Wake up and smell the coffee, says Nouriel Roubini, the chief economist of Atlas Capital who predicted the financial crisis of 2007-09.
“A host of interconnected mega-threats is imperiling our future,” he wrote in a commentary on Project Syndicate.
“The stubbornly low inflation of the pre-pandemic period has given way to today’s excessively high inflation.”
In addition, “secular stagnation — perpetually low growth owing to weak aggregate demand —has evolved into stagflation, as negative supply shocks have combined with the effects of loose monetary and fiscal policies.”
Interest rates are soaring, “creating the risk of cascading debt crises,” Roubini said.
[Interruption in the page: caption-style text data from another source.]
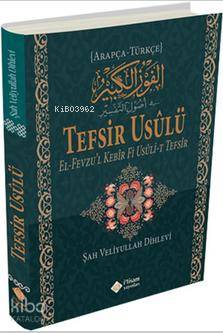 Tefsir Usulü; el-Fevzu'l Kebir fi Usuli't Tefsir - Kitapiks.com
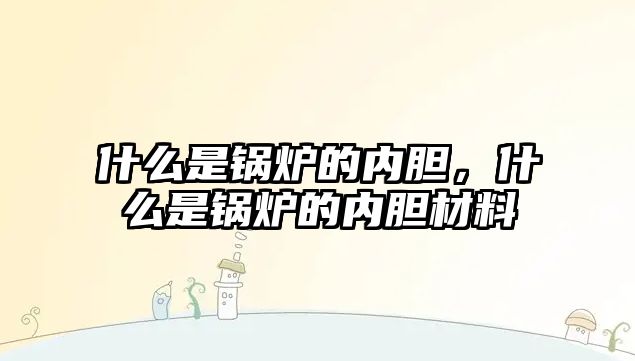 什么是鍋爐的內膽，什么是鍋爐的內膽材料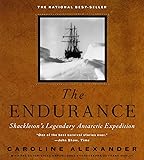 The Endurance: Shackleton's Legendary Antarctic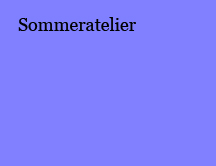 Sommeratelier 2013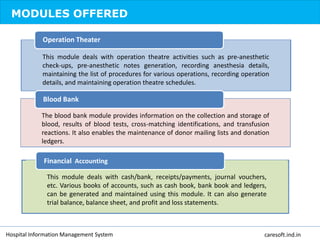 MODULES OFFERED
This module deals with operation theatre activities such as pre-anesthetic
check-ups, pre-anesthetic notes generation, recording anesthesia details,
maintaining the list of procedures for various operations, recording operation
details, and maintaining operation theatre schedules.
Operation Theater
The blood bank module provides information on the collection and storage of
blood, results of blood tests, cross-matching identifications, and transfusion
reactions. It also enables the maintenance of donor mailing lists and donation
ledgers.
Blood Bank
This module deals with cash/bank, receipts/payments, journal vouchers,
etc. Various books of accounts, such as cash book, bank book and ledgers,
can be generated and maintained using this module. It can also generate
trial balance, balance sheet, and profit and loss statements.
Financial Accounting
Hospital Information Management System caresoft.ind.in
 
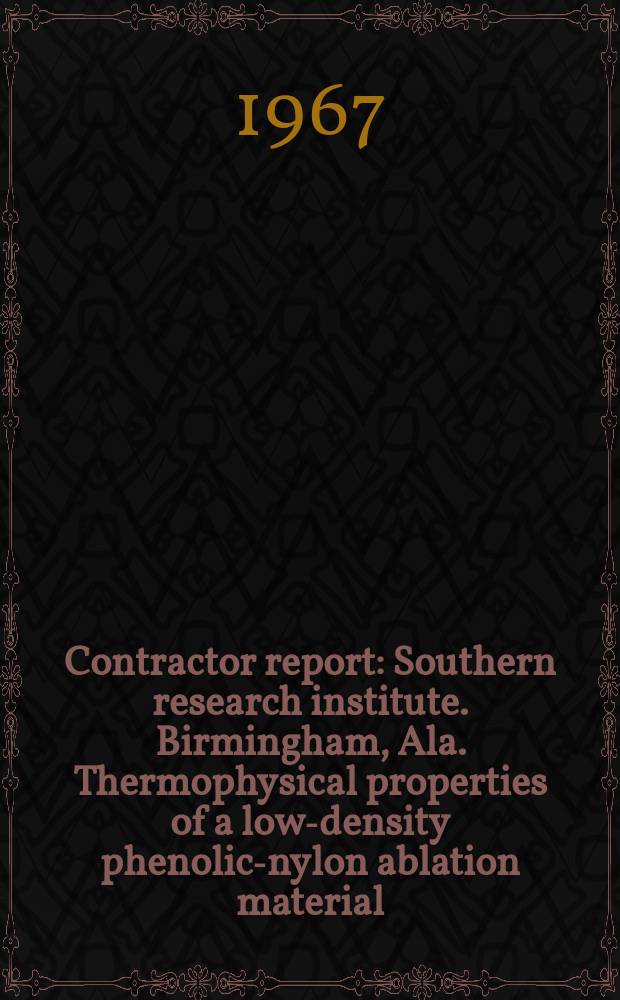 Contractor report : Southern research institute. Birmingham, Ala. Thermophysical properties of a low-density phenolic-nylon ablation material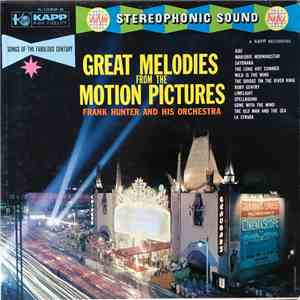 Frank Hunter And His Orchestra -  Great Melodies From The Motion Pictures
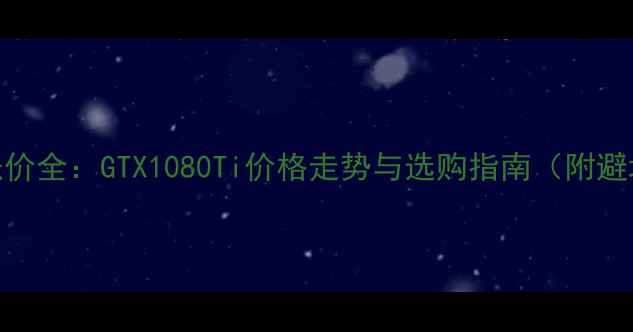图片 📌显卡涨价全：GTX1080Ti价格走势与选购指南（附避坑攻略）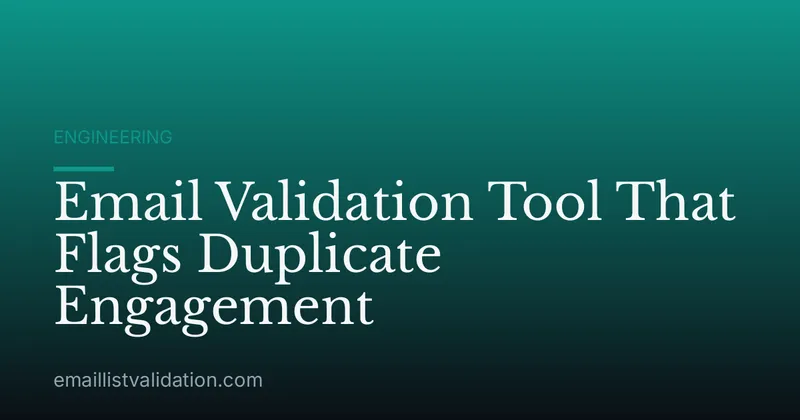 Email Validation Tool That Flags Duplicate Engagement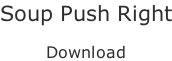 Soup Push Right  Download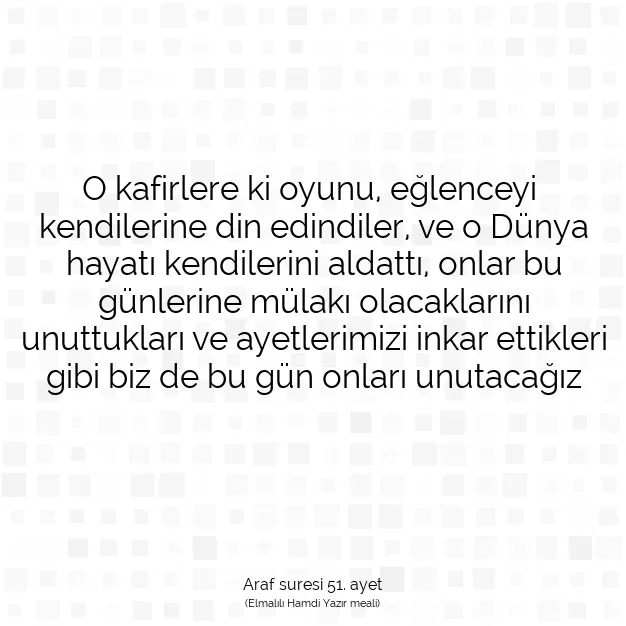 Ayetbul | Kuran Mealleri | Quran | Araf suresi 51. ayet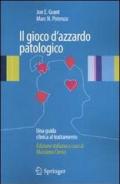 Il gioco d'azzardo patologico. Una guida clinica al trattamento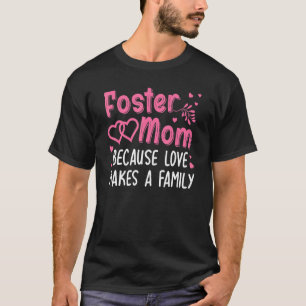 Cool Foster Mama für Girls Foster Liebe T-Shirt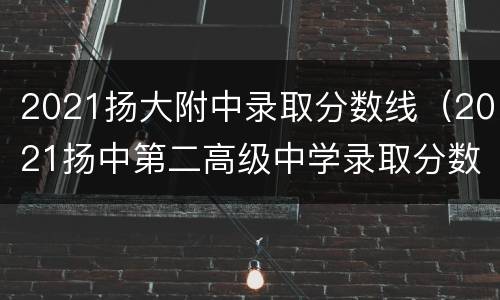 2021扬大附中录取分数线（2021扬中第二高级中学录取分数线）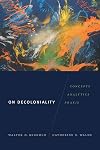 On Decoloniality: Concepts, Analytics, Praxis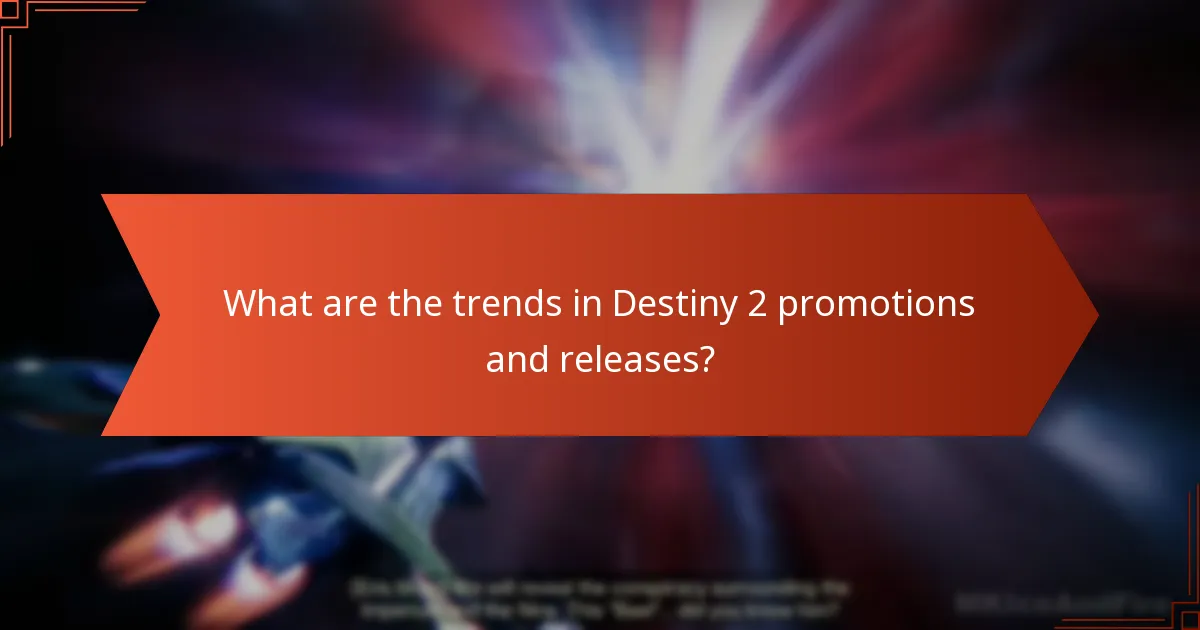 What are the trends in Destiny 2 promotions and releases?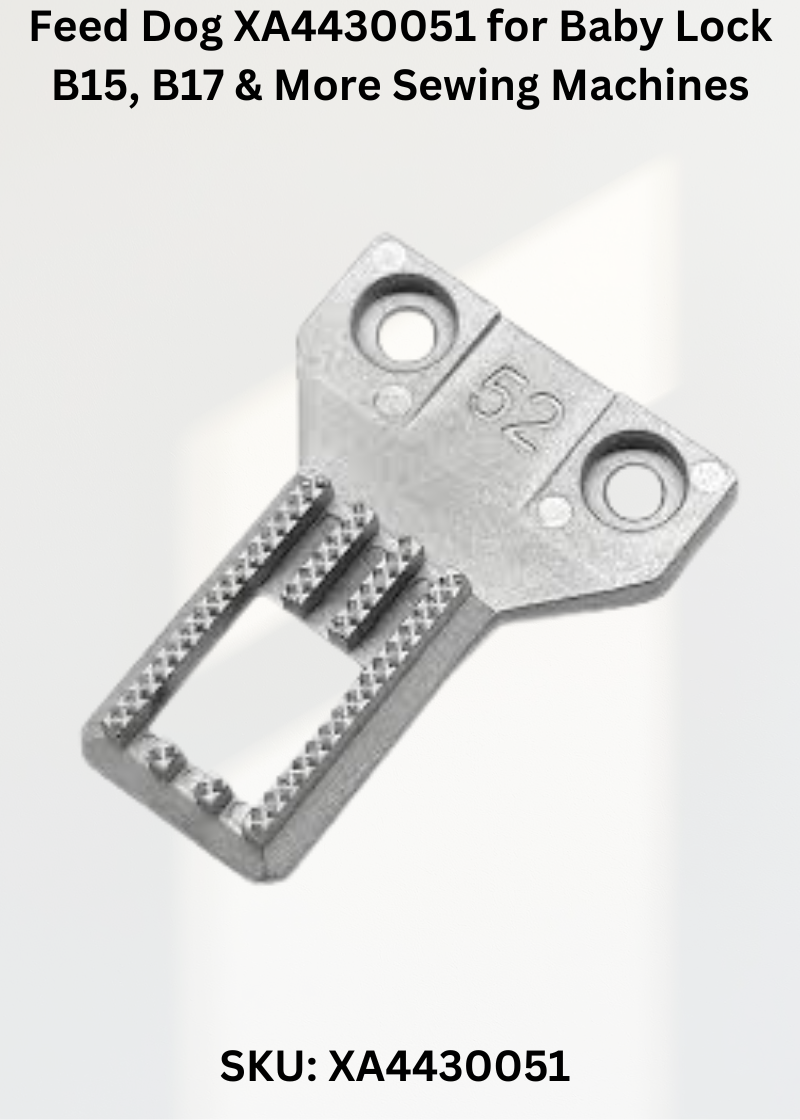 Feed Dog XA4430051 for Baby Lock B15, B17 & More Sewing Machines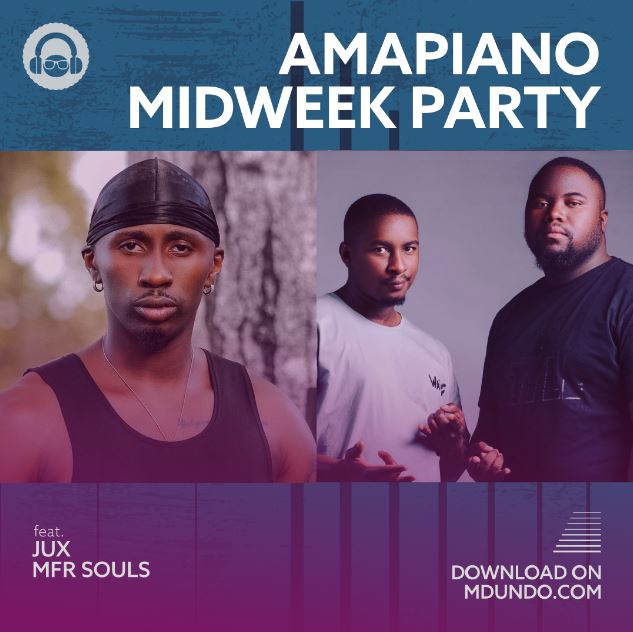 Download Amapiano Midweek Party Mix Ft Jux & MFR Souls Na Kamo Mphela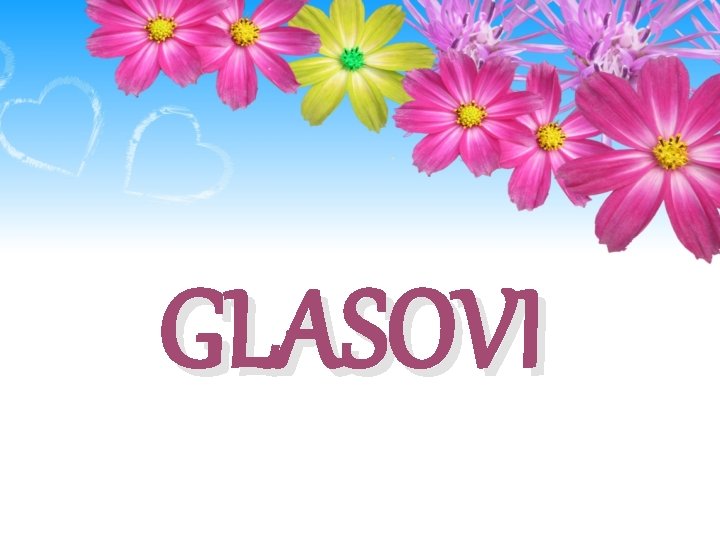 GLASOVI 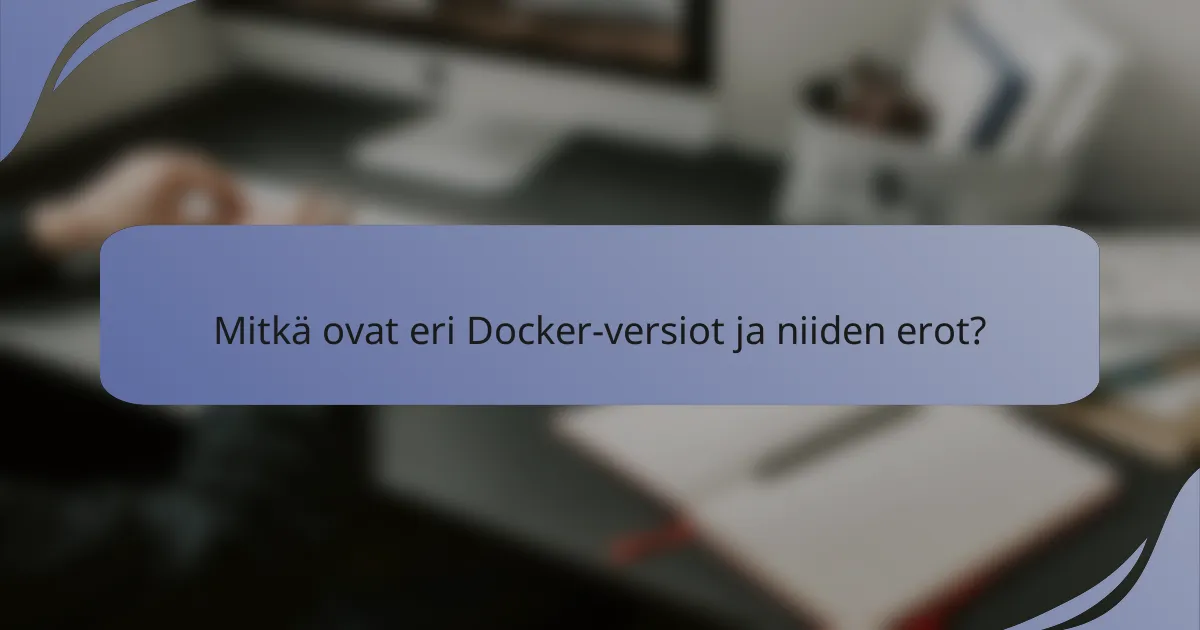 Mitkä ovat eri Docker-versiot ja niiden erot?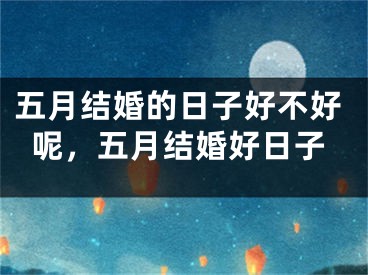五月结婚的日子好不好呢，五月结婚好日子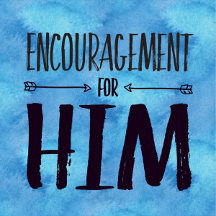 Encouragement for HIM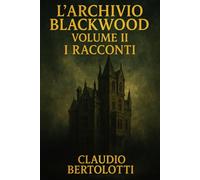 L'Archivio Blackwood Volume II: I Racconti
Deglobalization and protectionism are the rules of the day.
Roubini Sees History Repeating Itself
“We are therefore facing not only the worst of the 1970s (repeated negative supply shocks), but also the worst of the 2007-08 period (dangerously high debt ratios) and the worst of the 1930s,” he said.
Roubini compares this era to the period between 1914 and 1945. “The first era of globalization was not sufficient to prevent the descent into world war in 1914,” he noted.
“That tragedy was followed by a pandemic (Spanish flu); the 1929 stock market crash; the Great Depression; trade and currency wars,” Roubini explained.
“It was these crisis conditions that underpinned the rise of fascism in Italy, Nazism in Germany, and militarism in Spain and Japan, culminating in World War II and the Holocaust.”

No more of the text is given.